TASK DESCRIPTION:
Without including any images, repeat the listing below exactly.

DATASET EXTRACT:
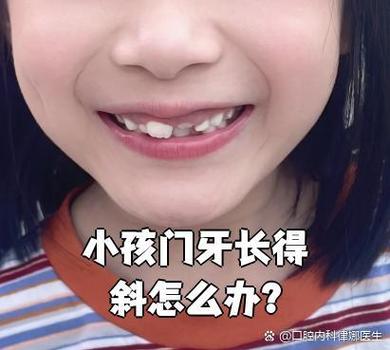 广州深圳孩子换牙门牙歪斜怎么办？专业干预指南与避坑建议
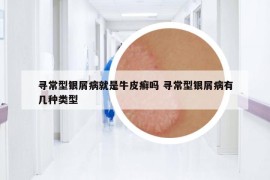 尋常型銀屑病就是牛皮癬嗎 尋常型銀屑病有幾種類型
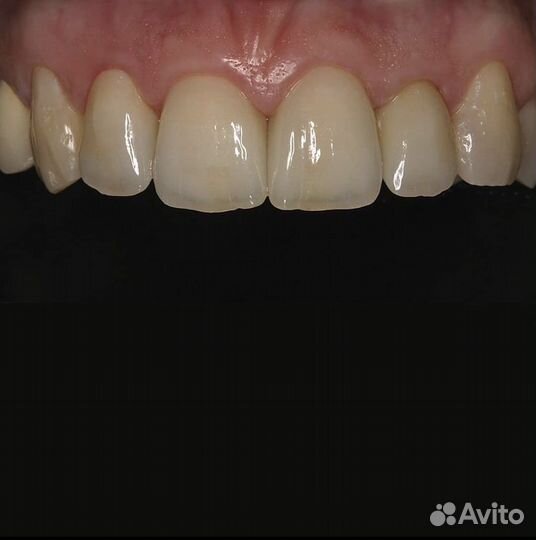 Починка зубных протезов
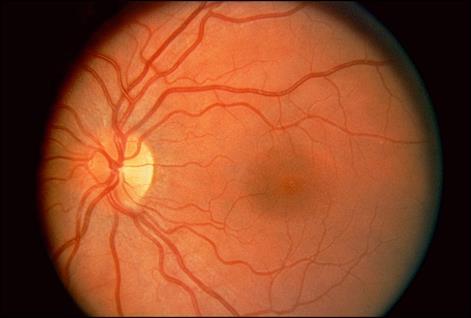 RETINA É a camada mais interna do olho. Formada por receptores especiais sensíveis a luz.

YOUR SOLUTION:
 广州深圳孩子换牙门牙歪斜怎么办？专业干预指南与避坑建议
 尋常型銀屑病就是牛皮癬嗎 尋常型銀屑病有幾種類型
 Починка зубных протезов
 RETINA É a camada mais interna do olho. Formada por receptores especiais sensíveis a luz.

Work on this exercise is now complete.